Die Arbeitsteilung zwischen den Brüdern verlief immer nach klaren Regeln: Wesley sondiert, Júnior verhandelt, und Joesley bezahlt. Bisher wunderte sich die Finanzelite in São Paulo, dass es dem Schulabbrecher Joesley gelang, mit dem Börsengang 2007 die finanzielle Basis für die Expansion der Gruppe ins Ausland zu legen.

Doch offenbar nutzte Joesley die Kontakte in die Politik, um in andere Branchen zu expandieren: Heute gehört der Gruppe J&F neben dem Fleischgeschäft eine Bank, ein Stromkonzern, ein Zelluloseproduzent, ein Milchprodukteverarbeiter, ein Reinigungsmittelhersteller – alles Konzerne mit Dutzenden starker Marken. Als jetzt Protestler in den sozialen Medien zum Boykott gegen JBS aufriefen, listeten sie minutenlang Markenamen auf, die man künftig nicht mehr kaufen soll – was bei der Marktdominanz gar nicht so einfach ist. Auch industrielle Abnehmer wie McDonald’s oder Burger King stehen nun vor dem Problem, wie sie ihren korrupten Zulieferer ersetzen sollen.

Die Brüder haben auch mit der Staatsanwaltschaft ihr Verhandlungsgeschick bewiesen: Joesley konnte mit seiner Gattin, einer bekannten Fernsehmoderatorin, und seinem Clan in die USA ausreisen, wo er künftig leben will. Die Brüder haben zugesagt, umgerechnet rund 60 Millionen Dollar zu zahlen, und sind frei. „Das bezahlen die aus der Portokasse“, lauten die Kommentare in São Paulo.
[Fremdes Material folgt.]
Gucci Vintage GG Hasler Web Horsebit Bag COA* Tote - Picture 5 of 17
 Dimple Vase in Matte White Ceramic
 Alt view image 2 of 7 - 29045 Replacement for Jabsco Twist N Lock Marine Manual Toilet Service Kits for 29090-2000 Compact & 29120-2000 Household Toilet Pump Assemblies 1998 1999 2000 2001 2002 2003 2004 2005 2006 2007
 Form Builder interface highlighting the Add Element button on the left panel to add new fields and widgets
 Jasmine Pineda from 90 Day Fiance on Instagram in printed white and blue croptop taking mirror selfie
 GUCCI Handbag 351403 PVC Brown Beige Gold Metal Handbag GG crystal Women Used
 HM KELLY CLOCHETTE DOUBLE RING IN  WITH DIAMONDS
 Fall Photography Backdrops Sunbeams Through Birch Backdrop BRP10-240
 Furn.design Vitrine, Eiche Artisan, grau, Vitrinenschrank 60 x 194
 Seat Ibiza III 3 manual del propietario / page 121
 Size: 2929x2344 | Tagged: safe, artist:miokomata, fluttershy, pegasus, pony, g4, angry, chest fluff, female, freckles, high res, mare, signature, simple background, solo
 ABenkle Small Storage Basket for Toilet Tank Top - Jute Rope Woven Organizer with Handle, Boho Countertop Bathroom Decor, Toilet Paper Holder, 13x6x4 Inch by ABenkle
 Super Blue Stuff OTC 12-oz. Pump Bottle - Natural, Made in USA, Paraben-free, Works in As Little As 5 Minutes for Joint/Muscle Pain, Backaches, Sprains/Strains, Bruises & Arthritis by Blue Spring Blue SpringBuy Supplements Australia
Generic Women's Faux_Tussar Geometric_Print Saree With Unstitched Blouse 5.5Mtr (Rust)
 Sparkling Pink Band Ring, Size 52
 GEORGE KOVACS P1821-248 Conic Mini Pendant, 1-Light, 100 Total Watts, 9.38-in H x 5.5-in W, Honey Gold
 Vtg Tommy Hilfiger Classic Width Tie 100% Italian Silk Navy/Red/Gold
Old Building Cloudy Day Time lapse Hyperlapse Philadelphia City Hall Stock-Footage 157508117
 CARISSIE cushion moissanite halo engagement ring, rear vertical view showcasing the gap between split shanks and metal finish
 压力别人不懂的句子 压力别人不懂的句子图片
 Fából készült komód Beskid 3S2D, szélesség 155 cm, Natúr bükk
Sie müssen nicht einen Tag in Untersuchungshaft, bekommen keine elektronischen Fußfesseln. Marcelo Odebrecht, André Esteves, Eike Batista – alle anderen prominenten Unternehmer saßen oder sitzen seit Jahren oder über Monate im Knast.

Umgerechnet 3,2 Milliarden Dollar zahlen sie als Strafe für ihren Konzern – über 25 Jahre und wertberichtigt mit der Inflation. Es ist die größte Entschädigungssumme, die je ein Konzern wegen Korruption weltweit bezahlt hat. Aber es sind auch nur 5,6 Prozent des JBS-Umsatzes des letzten Jahres. Kein Zweifel: Auch mit der Justiz haben die Batista-Brüder Verhandlungsgeschick gezeigt.

Finanziell haben Joesley und Co. vorgesorgt: Kurz bevor sein Gespräch mit dem Präsidenten veröffentlicht wurde, kaufte JBS in der Landeswährung Real eine Milliarde Dollar auf den Terminmärkten, um am Absturz der brasilianischen Währung zu verdienen. Und während der Kronzeugenverhandlungen verkauften die Batistas Aktien ihres Unternehmens, bevor diese abstürzten. Geschätzter Gewinn aus den zwei Transaktionen: 300 Millionen Dollar. Vermutlich brauchen die Batistas nicht einmal in die Portokasse zu greifen für ihre individuellen Entschädigungszahlungen.